Ever since her brother died of an infected wound, Prudence has been determined to further the medical sciences and save lives, but that's not easy when you're a 16-year-old girl in 1906 New York City. When she takes a secretarial job at the Department of Health and Sanitation, Prudence begins working with Mr. Soper, trying to track cases of typhoid and figure out how to stop the epidemic. All tracks seem to lead to one woman - Mary Mallon - but "Typhoid Mary" refuses to believe that she carries the disease. After all, she's never been sick a day in her life...
This book is so up my alley. Let's see...
Historical fiction set in the early 1900s? Check.

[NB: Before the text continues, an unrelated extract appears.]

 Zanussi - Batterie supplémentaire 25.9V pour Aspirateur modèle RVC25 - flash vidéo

Ooky medical details? Check.
Strong female protagonist? Check.
Lovely, detailed author's note? Check!
I confess that every time I read a YA book that's set around the turn of the century (my favorite historical time period to read about is 1890s-1914 or so...), I ask myself, "Would this character be friends with Mattie Gokey?" One of my problems with Calpurnia Tate is that I thought Mattie Gokey would want to punch her in the nose.*
WELL. Not only would Mattie and Prudence be friends, I think they would be college roommates and BFFs. They're both facing challenges, like making the rather radical decision to pursue their dreams and go to college. And they compliment each other perfectly: Mattie paints pictures with her words, while Prudence analyzes facts and figures.

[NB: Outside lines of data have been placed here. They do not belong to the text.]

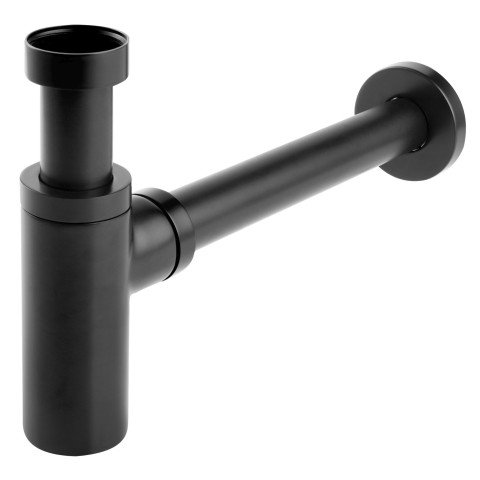 Sifon lavoar Ferro S282-BL, rotund, negru, 32 mm x 1 1/4”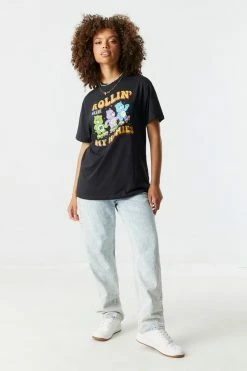 Stitches Ladies Rollin' Care Bears Graphic Boyfriend T-Shirt Tops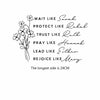 A black line drawing featuring biblical names and verbs like Wait Like Sarah, Protect Like Rahab, Trust Like Ruth, Pray Like 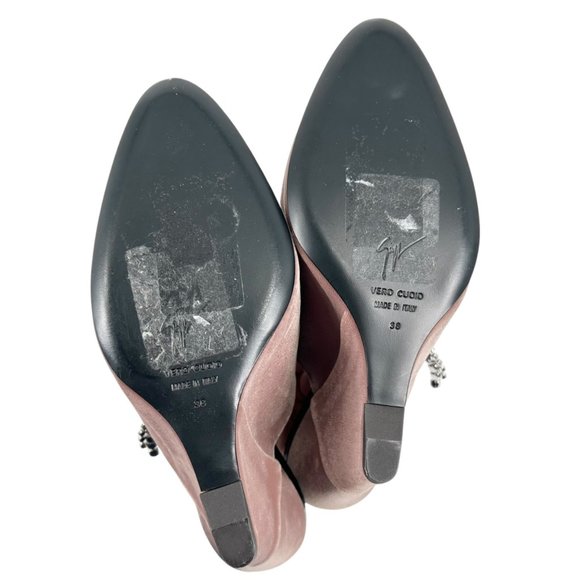 NWOB Giuseppe Zanotti Deva Punk Velvet Crystal Embellished Wedge Heels - Picture 10 of 15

However, since the Mattie Gokey Scale is probably not a standard measure of awesomeness in YA literature**, I do have a few other things to say.
I picked this one up right away (thumbs up on the cover - love the typhoid green) and I didn't really put it down until I was finished. Julie Chibbaro creates a realistically detailed picture of 1906-07 New York and it's obvious she's done her research on setting and subject matter. Speaking of research, she includes a wonderful author's note, clearly laying out what was real and what was fictional, and providing additional information about Mary Mallon and how she researched her.
Another thing I loved is that Prudence Galewski is Jewish. Her parents are immigrants and her best friend is a Jewish Russian immigrant. Being Jewish was an issue back then (and Prudence does say that she wouldn't mention being Jewish to her employers), but it's not the focus of this book. Instead, Prudence just happens to be Jewish, as evidenced by many descriptive details included in the book. Huzzah for diversity!
I do think the ending came a bit abruptly and, without spoiling anything, I wished for a little more resolution between Prudence and certain male characters. But it's a distinct possibility that I just didn't want it to end. :)
While the medical details won't be for everyone, they are not particularly graphic. And ever since Sarah Miller called for characters that are into science/math/anything but literature, I've taken note of books with science lovers. Add this one to the list, Sarah!
Deadly is Jennifer Donnelly's A Northern Light meets Laurie Halse Anderson's Fever, 1793 and highly recommended for fans of either (or both!).
Look for it on shelves February 22!
*Okay! That's not really fair!! But it's how I feel.